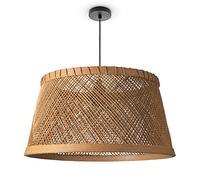 Paco Home Plafone Bambù Sospensione Boho Soggiorno Lampada A Cesto Natura Vintage E27 Retrò Bar, Tipo di lampada:Luce a sospensione - Tipo 3, Colore/Dimensione:Beige (Ø42 cm)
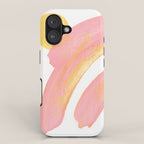 Pink Rainbow - Abstract Minimalist Painting iPhone Case Gallery Image 1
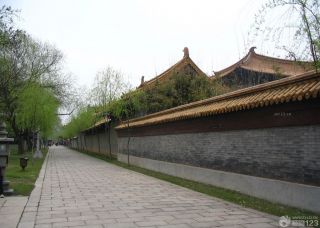 传统中式仿古围墙样板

> WORK REQUIRED: Leaving out the pictures, transcribe the material above exactly.

> SOLUTION FOR THIS PROBLEM:
 Paco Home Plafone Bambù Sospensione Boho Soggiorno Lampada A Cesto Natura Vintage E27 Retrò Bar, Tipo di lampada:Luce a sospensione - Tipo 3, Colore/Dimensione:Beige (Ø42 cm)
 Pink Rainbow - Abstract Minimalist Painting iPhone Case Gallery Image 1
 传统中式仿古围墙样板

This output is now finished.